2. **generator**: This function have an inputs from **get_args** function and return a inputs for models. **Note that we return a dictionary for all generator functions with the keys that exactly match with the model's parameters because base_trainer will use model(\*\*batch) to do forward step.**
3. **get_output_dtypes**: This function need return dtypes for each element from **generator** function.

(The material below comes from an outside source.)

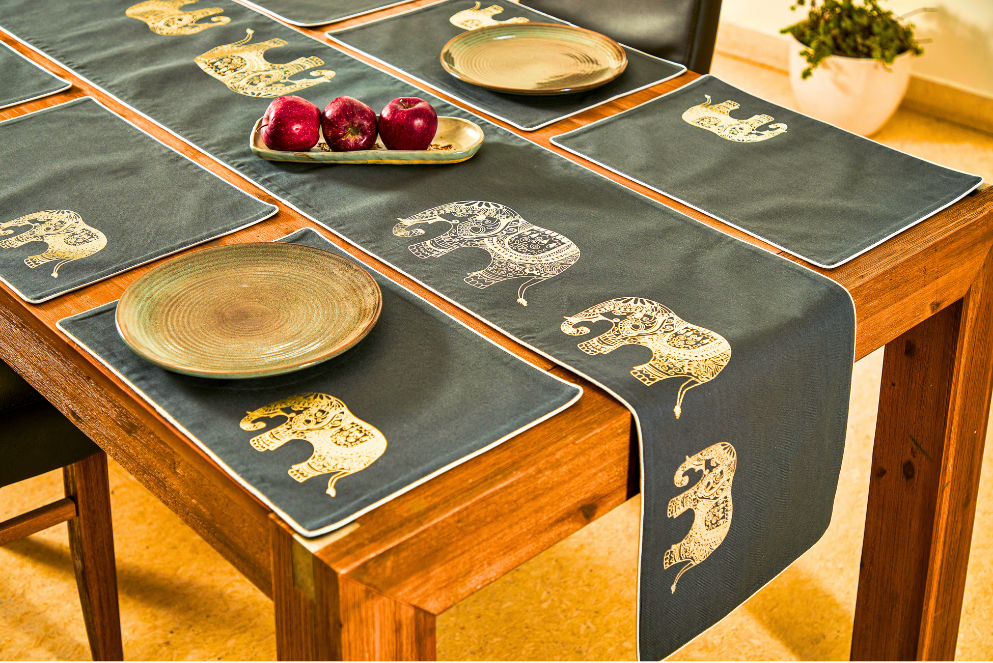 ivillage-foil-print-dining-set-table-runner-mats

4. **get_len_dataset**: Return len of datasets, normaly is len(utt_ids).
**IMPORTANT NOTES**:
- A pipeline of creating dataset should be: cache -> shuffle -> map_fn -> get_batch -> prefetch.
- If you do shuffle before cache, the dataset won't shuffle when it re-iterate over datasets.
- You should apply map_fn to make each element return from **generator** function have the same length before getting batch and feed it into a model.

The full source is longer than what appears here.